La cavalerie protestante combat en escadrons disposés sur 3 rangs de profondeur selon Montecuccoli, peut-être 4 rangs au début de la campagne, comme le prétend W. Harte. L’espace occupé par le cavalier est probablement de 3 pieds de front sur 10 de hauteur comme l’indique Schildknecht. En pratique, la profondeur de l’escadron devait dépendre des effectifs réels et de l’espace disponible. Gualdo évoque, à Breitenfeld, de gros escadrons de 1 000 chevaux : Leur aile droite que Gustave commandait en personne était de 4 000 chevaux en 4 gros escadrons, 2 d’allemands & 2 de finlandais. (…) Derrière le Roi marchaient les colonels Wunsch, Todt, Soop & Steinbock qui conduisaient cette cavalerie. Entre chaque escadron il y avait un intervalle de 100 pieds ou environ rempli par 200 mousquetaires d’élite pour faire feu sur la cavalerie ennemie avant qu’elle fut à la portée du pistolet. (…) Gustave Horn maréchal de camp des armées de Gustave commandait l’aile gauche & marchait à la tête de 4 000 cuirassiers, formant comme ceux de l’aile droite quatre gros escadrons des régiments de Horn, Callenbach, Baudis & Uslar. Dans leurs étendards au nombre de 52 verts & orangés on voyait un bras qui tenait une épée avec ces mots : Si Seus Pro Nobis, Quis contra nos (Si Dieu est pour nous, qui sera contre ?). Sur d’autres où il y avait une épée & un sceptre en sautoir on lisait ces mots : Ensem Gradivus, Sceptrum Themis Ipsa Gubernat (Mars gouverne l’épée & Themis tient le sceptre).
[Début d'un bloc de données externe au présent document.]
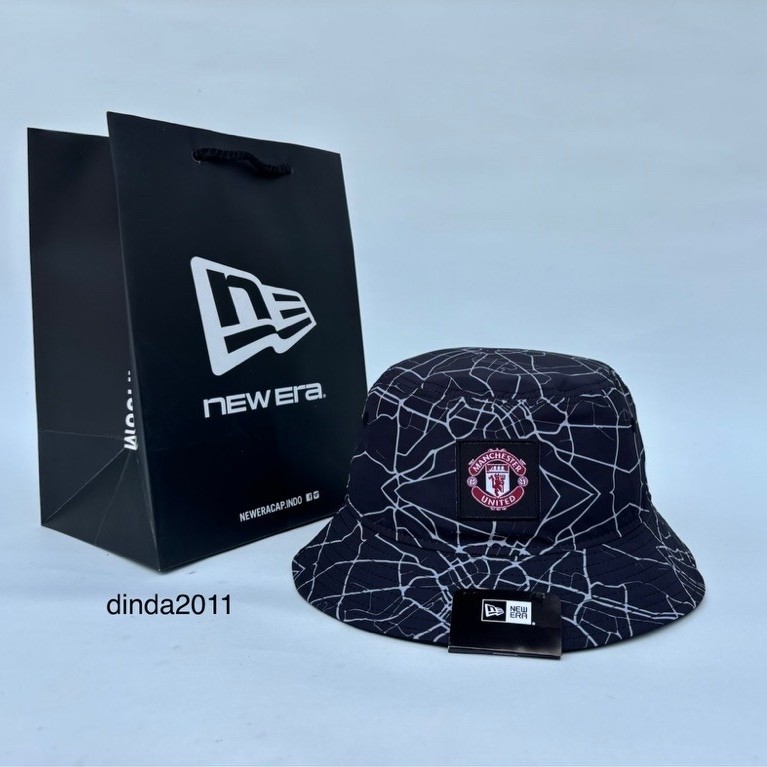 Topi NEW ERA AOP BUCKET HAT MU Original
Gustave-Adolphe privilégie la charge à l’arme blanche : le cavalier doit faire feu dès qu’il parvient à portée de pistolet, puis mettre le sabre à la main, le choc ayant été facilité par cette première décharge. À Breitenfeld, selon Gualdo, Gustave entrait dans la mêlée comme le simple officier chargeait & culbutait les impériaux à la tête de ses Finlandais. Rien n’approcha de leur intrépidité. On les voyait s’encourager l’un l’autre, donner dans les escadrons ennemis, revenir à la charge, les enfoncer, les traverser & y mettre un si grand désordre que les cuirassiers de l’empereur ne firent pas même la retraite. La charge devait se réaliser à l’épée, la pointe en avant, en visant la gorge. Mais Arkenholz rapporte que Gustave Adolphe dit à ses cavaliers, le jour de Breitenfeld : Si vos épées ne peuvent percer les cavaliers Impériaux, à cause du fer dont ils sont couverts, enfoncez-les dans le poitrail des chevaux.